鉛直方向には運動しないことから \( N=mg \) であり, 水平方向の式に \( N \) を代入すれば, \[ m \dv[2]{x}{t} = – k(x-l) + \mu^{\prime} mg \] である. この式を単振動の運動方程式と比較できる形に式変形していく. まず, 右辺の \( x \) の係数で右辺全体をくくる. 今, \( x \) の係数は \( -k \) なので, \[ m \dv[2]{x}{t} = – k \left\{(x-l) – \frac{\mu^{\prime} mg }{k} \right\} \] となる. ここで, \( x \) の係数がプラスの量となっている場合には運動方程式のたて間違いでないか確認してほしい. というのも, 最終的な単振動の運動方程式との係数比較の段階で \( – \omega^2 \) というマイナスの量と比較することになってしまい単振動として扱える形になっていないことになる[3]もちろん, その場合には別の物理的な意味を持つ式(減衰など)になっているのだが, ここでは扱わない..
次に, 右辺のカッコの中の \( x \) 以外の数を \( -1 \) でくくる. \[ m \dv[2]{x}{t} = – k \left\{x – \qty( l + \frac{\mu^{\prime} mg }{k} ) \right\} \] 両辺を左辺の加速度 \( \displaystyle{ \dv[2]{x}{t} } \) の係数である質量 \( m \) で割って加速度について整理すると, \[ \dv[2]{x}{t} = – \frac{k}{m} \left\{x – \qty( l + \frac{\mu^{\prime} mg }{k} ) \right\} \quad . \] 式変形はここまでである. 最後に, 単振動の運動方程式 \[ \dv[2]{x}{t} = – \omega^2 \qty( x- x_0 ) \\ \] との係数比較より, \[ \omega^2 = \frac{k}{m} , \quad x_0 = l + \frac{\mu^{\prime} mg }{k} \] となる. したがって, この物体は単振動を行なっており, その角振動数 \( \omega \) は \( \displaystyle{\omega=\sqrt{\frac{k}{m}}} \) で振動中心の座標 \( x_0 \) は \( \displaystyle{x_0 = l + \frac{\mu^{\prime} mg }{k} } \) であることがわかる. 元々の位置が \( L \) で振動中心が \( x_0 \) なのだから振幅 \( A_1 \) は \[ A_1 = L – x_0 \] である. 最もバネが縮んだ位置 \( L_{1} \) は \[ L_{1} = L – 2A_1 = 2x_0 -L = 2 \qty( l + \frac{\mu^{\prime} mg }{k} ) – L \] である.

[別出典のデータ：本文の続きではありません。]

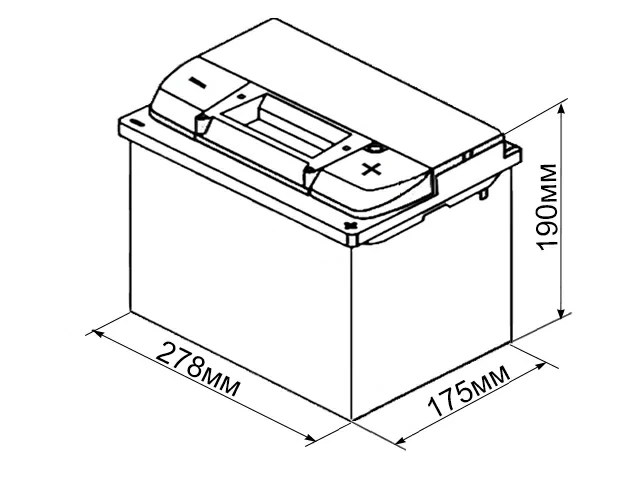 Sonnenschein A412/50 G6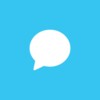 Icono de RandomTalk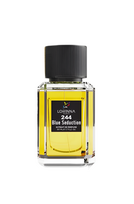 Blue Seduction 244 by Lorinna EDP 50ml
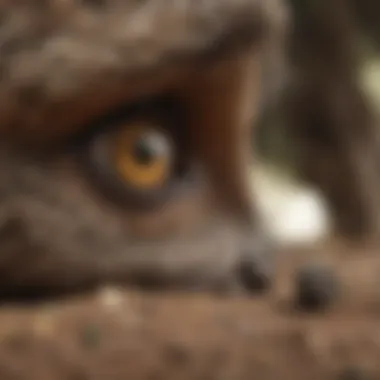 Cryptic Cipher Riddle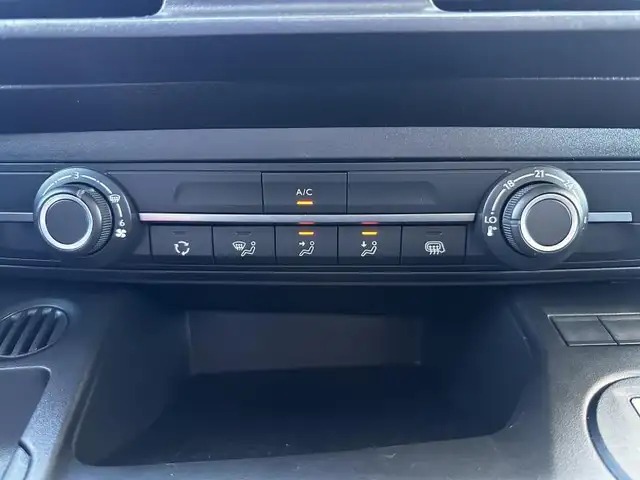 Fiat Doblo view 16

次に, バネが最も縮んでから \( x \) の正方向へ移動するときの物体の運動を考える.
このときの位置 \( x \) における運動方程式を書き下すと次式のようになる. \[ \begin{aligned} m \dv[2]{y}{t} & = N – mg \\ m \dv[2]{x}{t} & = – k(x- l ) – \mu^{\prime} N \end{aligned} \] この運動方程式は先ごろの運動方程式と摩擦力の向きのみが違い, バネが次に伸びきる瞬間まで成立する. 単振動の運動方程式の形へ式変形を行うが, 先ごろの運動方程式において \( \mu^{\prime} \to – \mu^{\prime} \) に置き換えられただけであることから結果を流用すると, \[ \dv[2]{x}{t} = – \frac{k}{m} \left\{x – \qty( l – \frac{\mu^{\prime} mg }{k} ) \right\} \notag \] となり, 単振動の運動方程式と比較すると, 角振動数 \( \omega \) は \( \displaystyle{\omega = \sqrt{\frac{k}{m}}} \) で振動中心の座標 \( x^{\prime}_0 \) は \( \displaystyle{x^{\prime}_{0} = l – \frac{\mu^{\prime} mg }{k} } \) であることがわかる. おもしろいことに角振動数( 及び周期 \( T \) )が先ほどと変わらず同じ値になっている. また, 元々の位置が \( L_{1} \) で, 振動中心が \( x^{\prime}_0 (>L_{1}) \) であるので, 振幅 \( A_2 \) は \[ \begin{aligned} A_2 &= x^{\prime}_0 – L_{1} = \qty( l – \frac{\mu^{\prime} m g }{k} ) – \qty( 2l + 2 \frac{\mu^{\prime} mg }{k} – L ) \\ & = L – \qty( l + 3 \frac{\mu^{\prime} mg }{k} ) \end{aligned} \] であり, バネが伸びきる位置 \( L_2 \) は \[ \begin{aligned} L_2 &= L_{1} + 2A_2 = L_{1} + 2\qty( x^{\prime}_0 – L_{1} )\\ &= 2 x^{\prime}_0 – L_{1} = 2 x^{\prime}_0 – \qty( 2x_0 – L ) \\ &= L- 2\qty( x_0 – x^{\prime}_0 ) \\ &= L – 4\frac{\mu^{\prime} m g }{k} \end{aligned} \] となる. はじめ \( x=L \) で手を離して運動が始まったことを考えると, 徐々に振動する領域が狭くなっていっていることがわかる.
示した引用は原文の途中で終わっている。